Chicago Tribune Editorial: Don’t say we didn’t warn you

Warning: If you live in California, your highly anticipated, absolutely essential and delicious morning cup of coffee may soon come with a warning.|

This editorial is from the Chicago Tribune:

Warning: If you live in California, your highly anticipated, absolutely essential and delicious morning cup of coffee may soon come with a warning.

A state judge will rule in the next months whether coffee should be labeled as carcinogenic under California law, the Wall Street Journal reports.

Why? Because coffee, elixir of the gods, contains acrylamide, a flavorless chemical produced in the roasting process. That is one of more than 900 chemicals - count 'em, 900 - on California's blacklist of substances known to cause cancer, birth defects or other reproductive harm. Under state law, businesses must warn consumers about the presence of any of those 900 chemicals.
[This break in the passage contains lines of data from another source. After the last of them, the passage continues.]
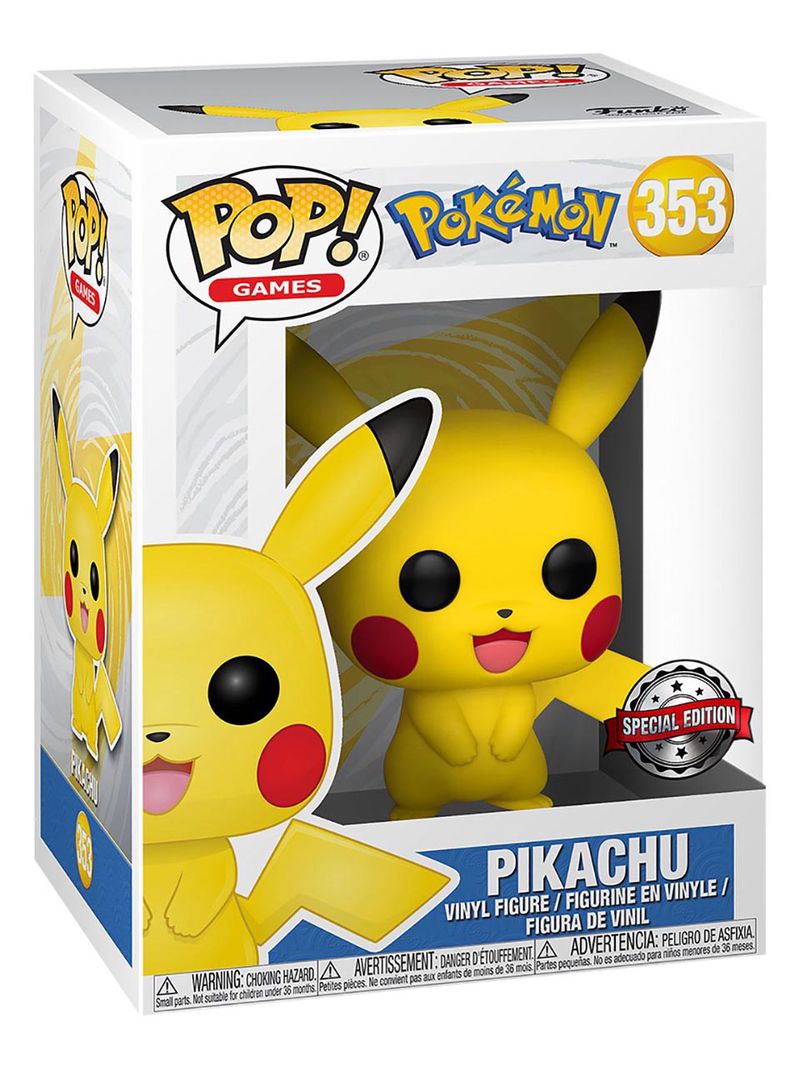 FUNKO, Pokemon, Pop Games: Pokemon S1- Pikachu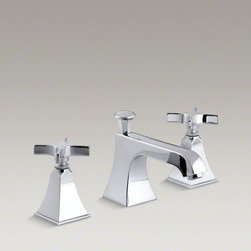 KOHLER Polished Chrome Memoirs&reg; Widespread Bathroom Sink Faucet - Bathroom Sink Faucets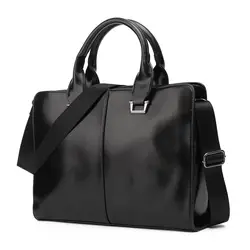 Масло воск PU кожаный мужской деловой портфель сумки через плечо мужские дорожные сумки на плечо для ноутбука сумки-мессенджеры 2019 Новые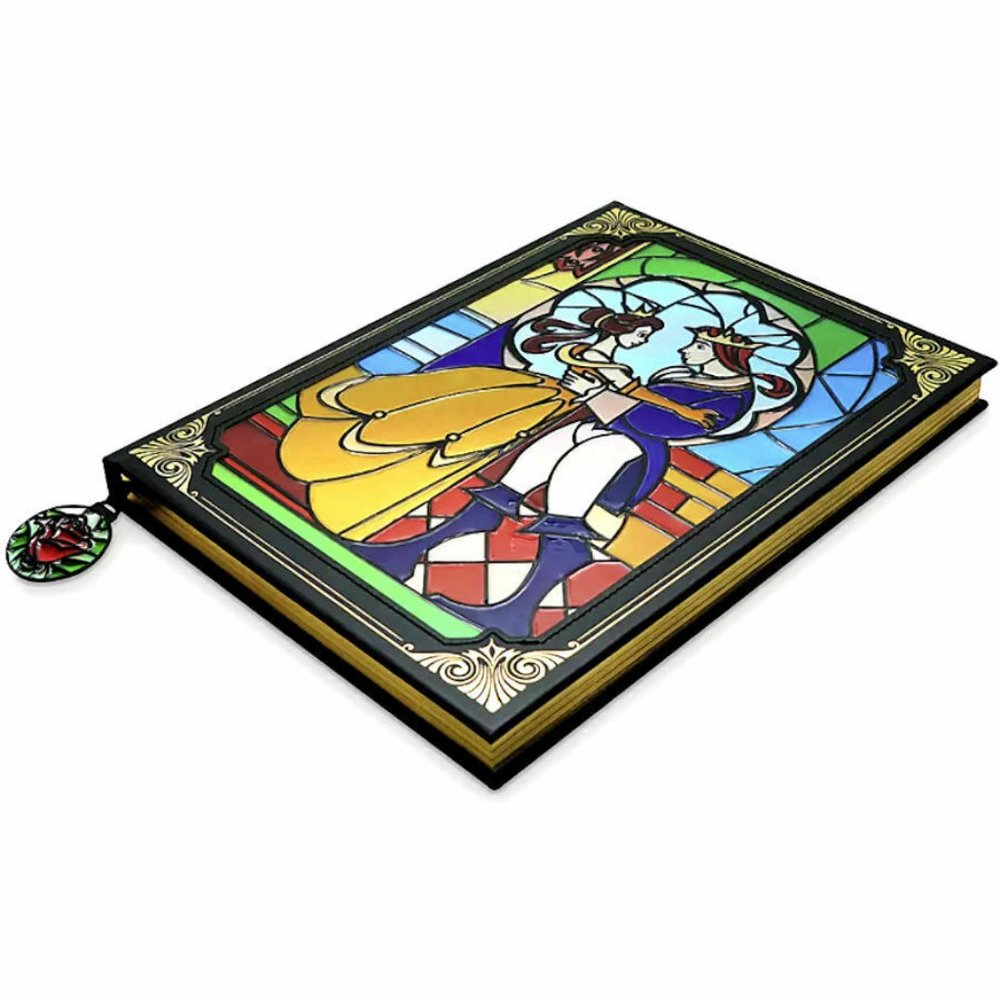 Disney Beauty And The Beast Replica Journal Stained‎ Glass Window RARE HTF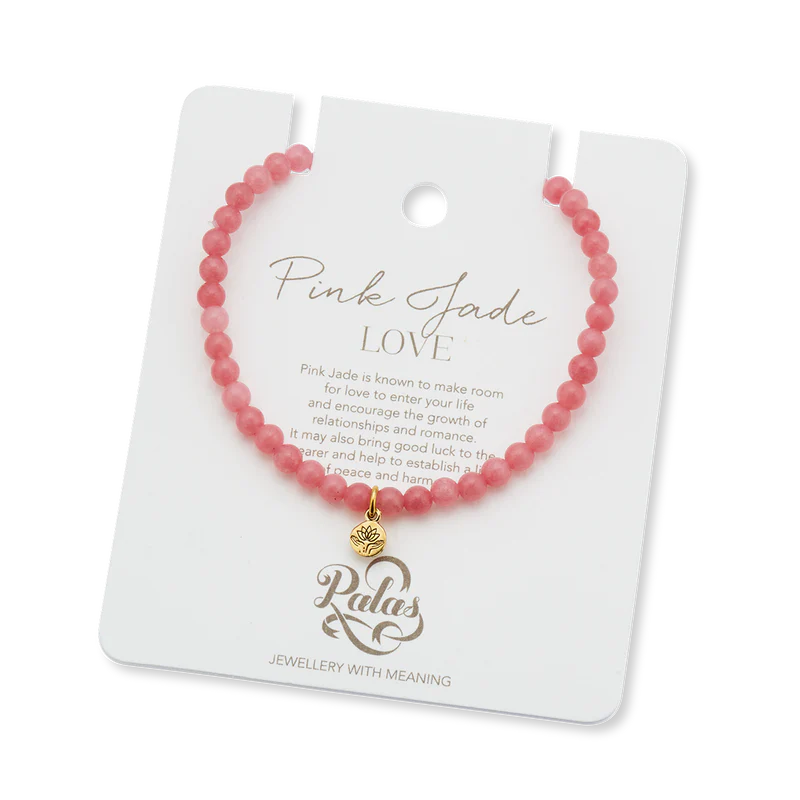 Pink Jade Healing Gem Bracelet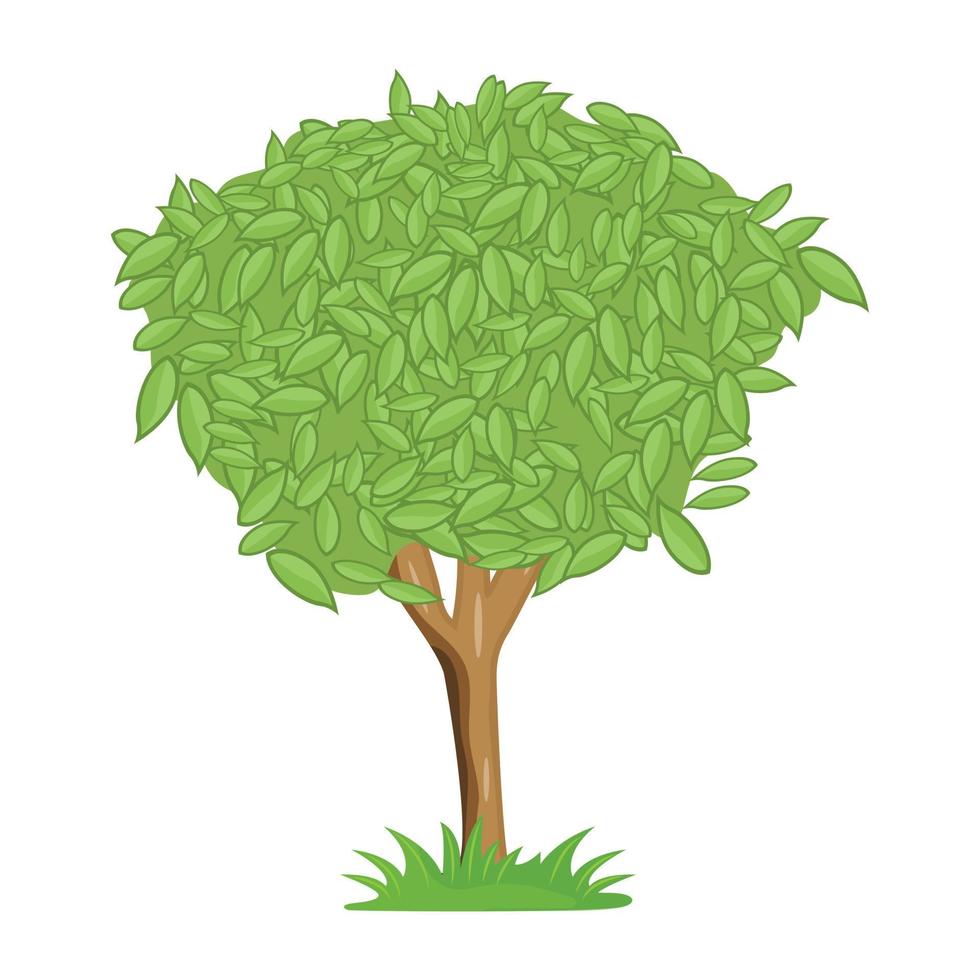 una descarga de vector plano de árbol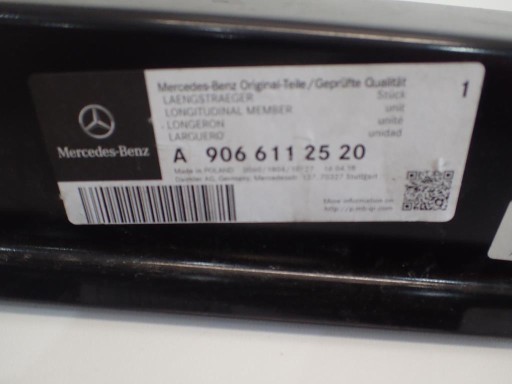 NOSAČ MERCEDES SPRINTER W906 A9066112520 NOSAČ MERCEDES SPRINTER W906 A9066112520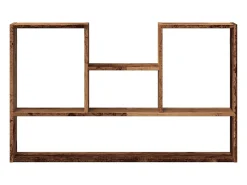vidaxl Prateleira parede 99x15x60 cm derivados madeira madeira velha^ Prateleira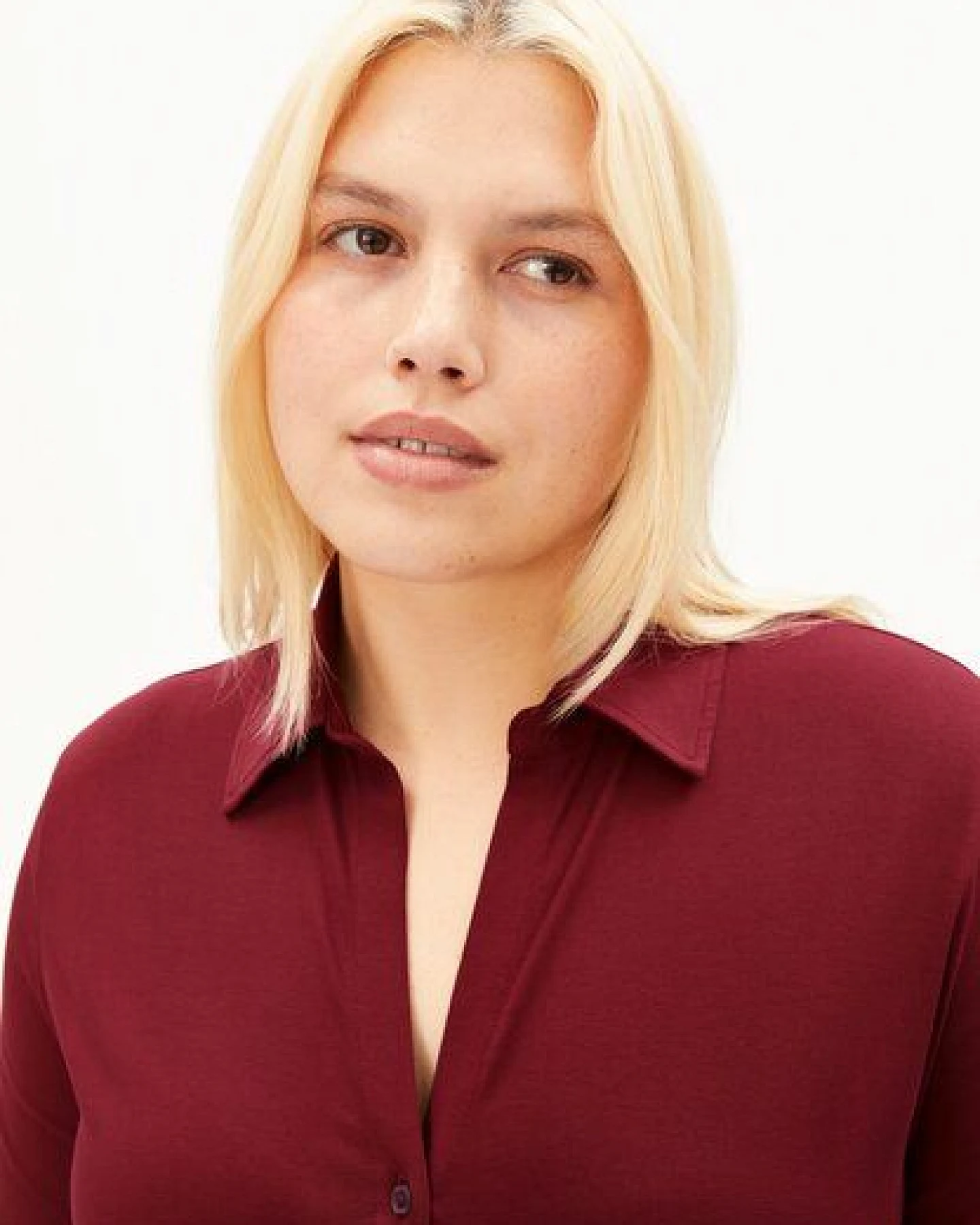 ARMEDANGELS NALAANNIA Damen Bluse aus Bio-Baumwoll Mix – Ansicht 3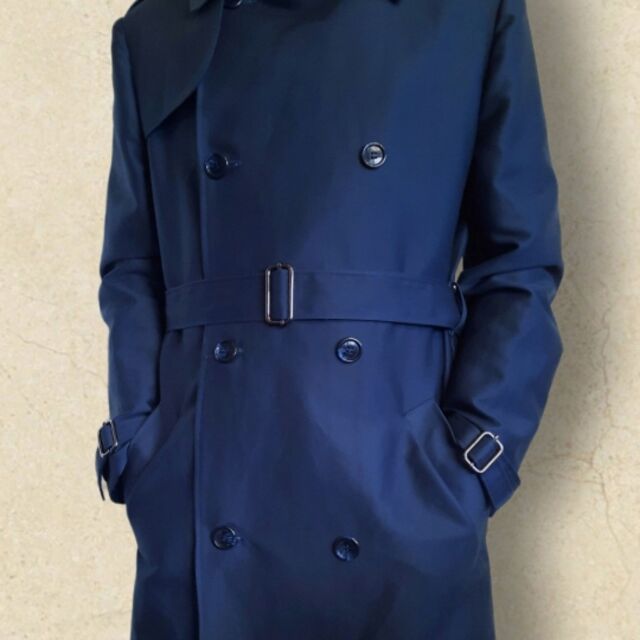Sarah Smith Navy Coat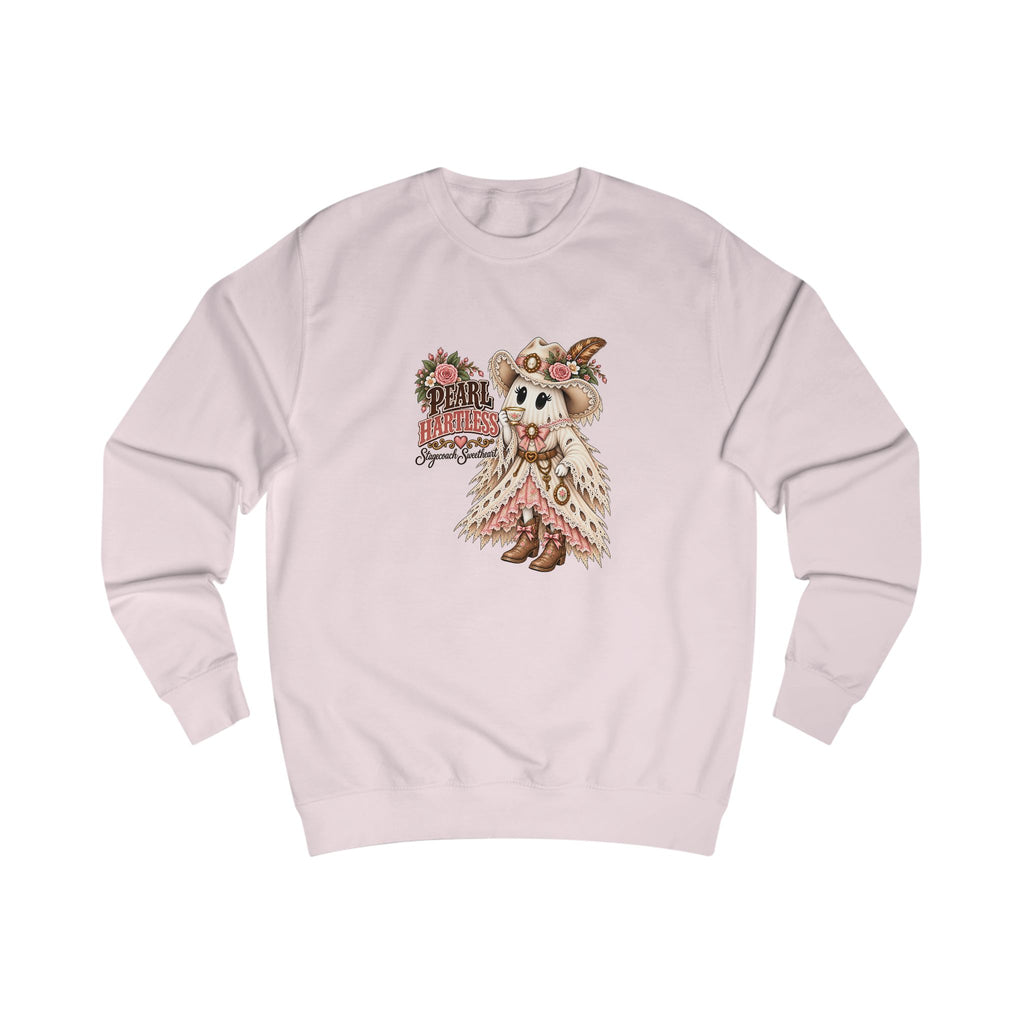 Pearl Hartless Stagecoach Sweetheart Sweatshirt | Cute Western Halloween Crewneck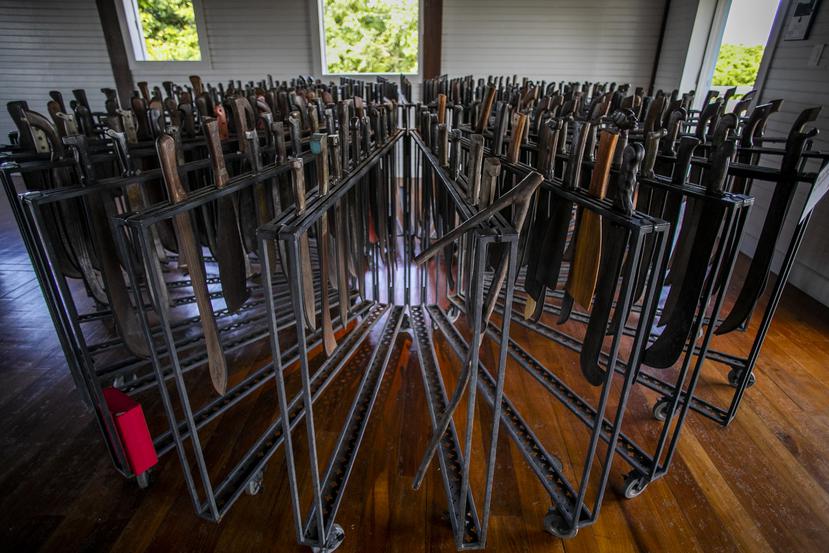 En la Hacienda La Esperanza destaca la exhibición de 389 machetes.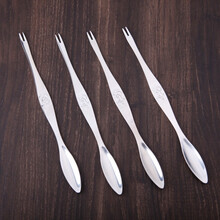 剥螃蟹吃蟹工具 不锈钢蟹多件蟹钳蟹夹蟹针海鲜剪吃大闸蟹螃蟹工具 4只蟹挑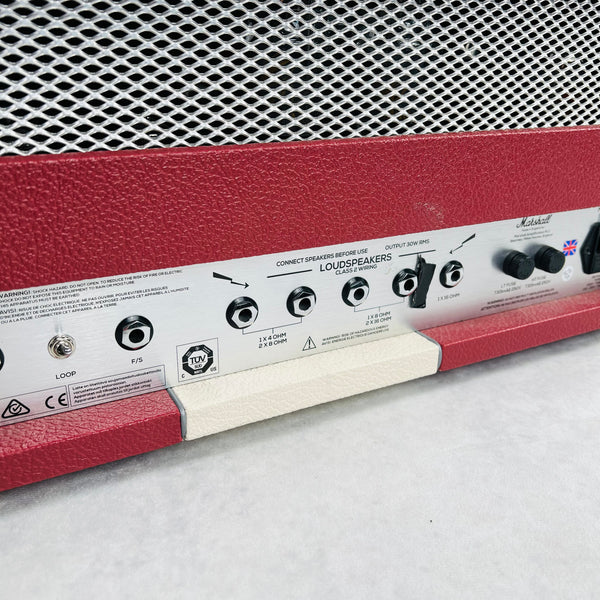 Marshall Astoria Custom AST2H 30w Head & 1x12" Cabinet Half Stack 2016 - Red - 8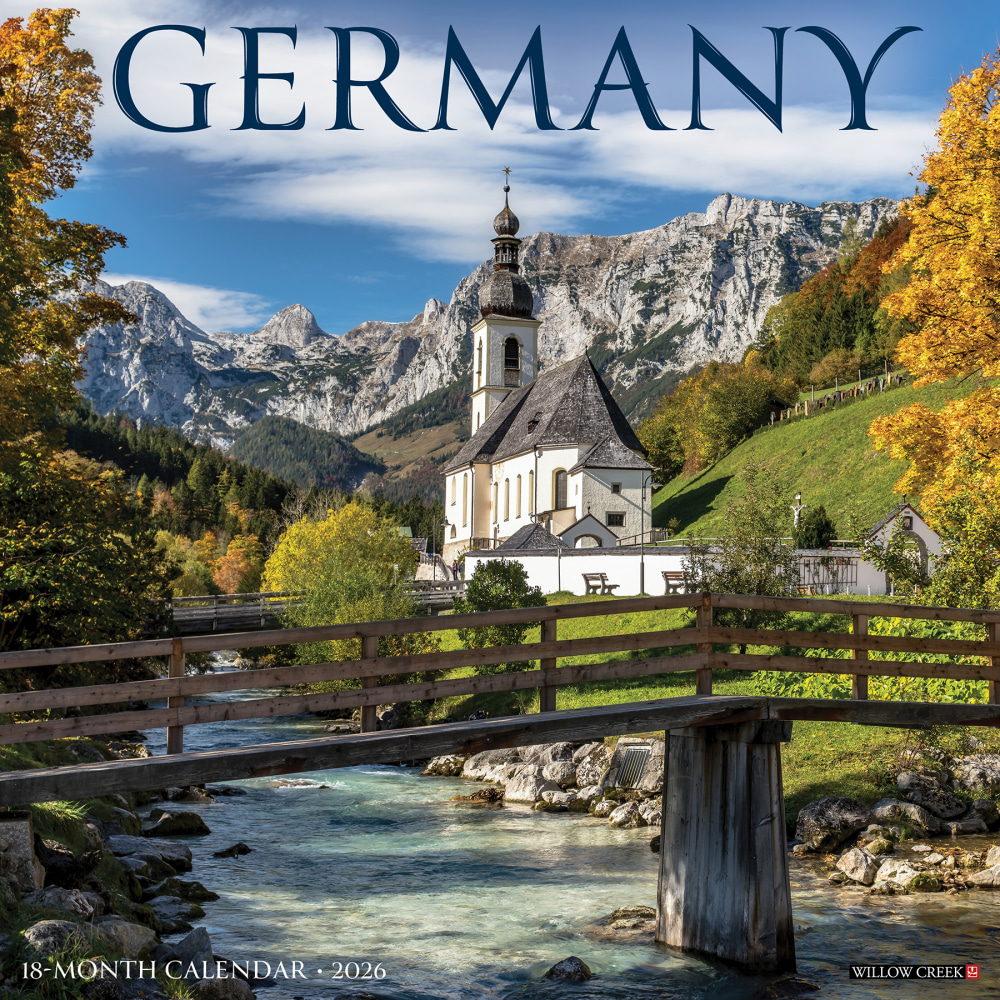 2026 Willow Creek Press Scenic Monthly Wall Calendar, 12in x 12in, Germany, January To December, 55809 MPN:9781549255809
The result is a warning overkill. “They should just put the label inside my door so I see it when I leave the apartment in the morning,” doctoral student and recent California transplant Steve Haring told the Journal. “It's literally everywhere.”

Californians are cautioned about french fries, potato chips, balsamic vinegar, black licorice (which we are happily chewing as we write this), new cars, office chairs, wood furniture … and, oh yes, snow globes and leprechaun hats. Honest.

Whew! We imagine most Californians are cowering in some woodless, snow globe-free sanctuary in a perpetual state of terror over being contaminated by leprechaun hats, new car scents (!) or all the other items that could be invading their bodies and eventually, slowly, maybe causing cancer.

What that list of 900 really means is that almost everything in life carries some risk. Some are large, some vanishingly small. This obsession with risks, many of them infinitesimal, denies the certainty that life is all about risks - how to evaluate them, how to negotiate them. Something, eventually, will get you.

People make split-second calculations about many of those risks every day. Some people may shrug off a cautionary label because they're skeptical of the science. They've seen red alerts - on cholesterol, for example - downgraded. Maybe they consider the warning a dare. (Cigarette smokers?)

Other people have already factored the huge enjoyment and potential health benefits against a minuscule risk. Drinking coffee, for instance, is linked to a lower risk of heart failure, stroke and heart disease.

We support arming people with scientific evidence so they can make smart decisions, not just about food but about other common products and practices

But when government warns citizens about everything, the resulting nonchalance - the dismissive way you rolled your eyes when you read about this coffee alert - means government effectively warns people about nothing. A proliferation of advisories invites people to downplay or dismiss all of them as scare tactics or background noise.

That's potentially dangerous (Warning! The word “dangerous” implies a super-dooper warning) because some red flags should be heeded. For instance, black box labels on potentially hazardous medications.

But many other alerts invite a chuckle. Forbes Magazine listed the 24 dumbest but genuine warning labels, including howlers like: “DANGER: Do not hold the wrong end of the chainsaw.” And this for a Superman costume: “Warning: This costume does not enable flight or super strength.”

For our money, mom's advice is as relevant as it was the first, 10th and 750th times she delivered it: Everything in moderation. That goes for coffee, rich desserts and … warnings.